Children diagnosed with autism spectrum disorder (ASD) frequently experience abdominal pain, constipation, vomiting, and diarrhea. In recent years, growing evidence suggests that autism spectrum disorder (ASD) is closely associated with gastrointestinal health. Research indicates that the bacterial populations of the gut microbiome can influence gastrointestinal and neurobehavioral ASD symptoms.  

Although there is no cure for ASD, various medications, diets, supplements, and therapies can help manage its symptoms. Owing to the strong connection between the gut microbiome and ASD, interventions aimed at normalizing the gut microbiome might help manage ASD symptoms. 

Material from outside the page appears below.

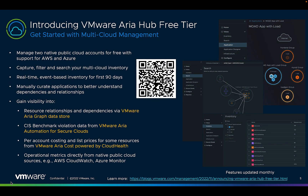You can register for the free tier of ARIA Hub, which enables you to inventory, map, filter, and search resources from up to two of your native cloud accounts in either AWS or Microsoft Azure. The free tier allows you to understand the relationships of their resources to other resources, policies, and other key components in that cloud environment.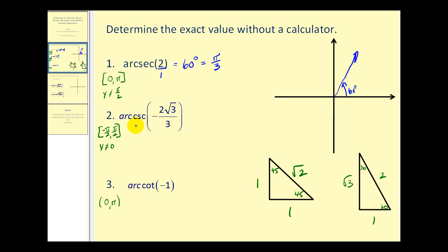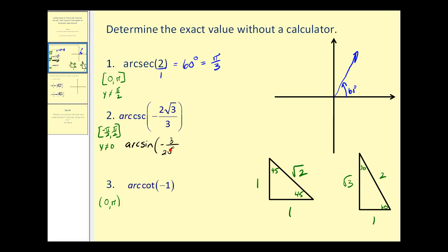Number two is much more challenging. We want to find the arc secant of negative two square root three over three, and our angle must be in this interval. We're looking for an angle that has a cosecant function value of this. Using these reference triangles, it's very difficult to recognize this ratio, so what might be helpful is to think of this as arc sine instead of arc cosecant. So let's think of this as arc sine of the reciprocal — negative three over two square root three. If we take this ratio and rationalize it by multiplying the top and bottom by square root three, our denominator becomes six, and this simplifies to negative square root three over two.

This post explains how autism is linked to gut bacteria, how a mother’s gut bacteria can affect a child’s risk of ASD, and why one should consider butyric acid supplementation to help manage ASD symptoms. Use the links below to jump ahead to different topics on the page. 

Gut-Brain Connection in Autism Spectrum Disorder

The gut contains millions of nerve cells that form an extensive network called the enteric nervous system (ENS), also known as the ‘second brain.’ The ENS and the central nervous system (CNS), mainly connected through the vagus nerve, form the gut-brain axis

The bi-directional communication between our gut and brain through the ENS, CNS, hormones, neurotransmitters, and immune responses greatly influences neurological and gastrointestinal health. For example, as much as 90 percent of neurotransmitters, such as serotonin, are produced in the gut and influence our emotions by regulating the gut-brain axis.      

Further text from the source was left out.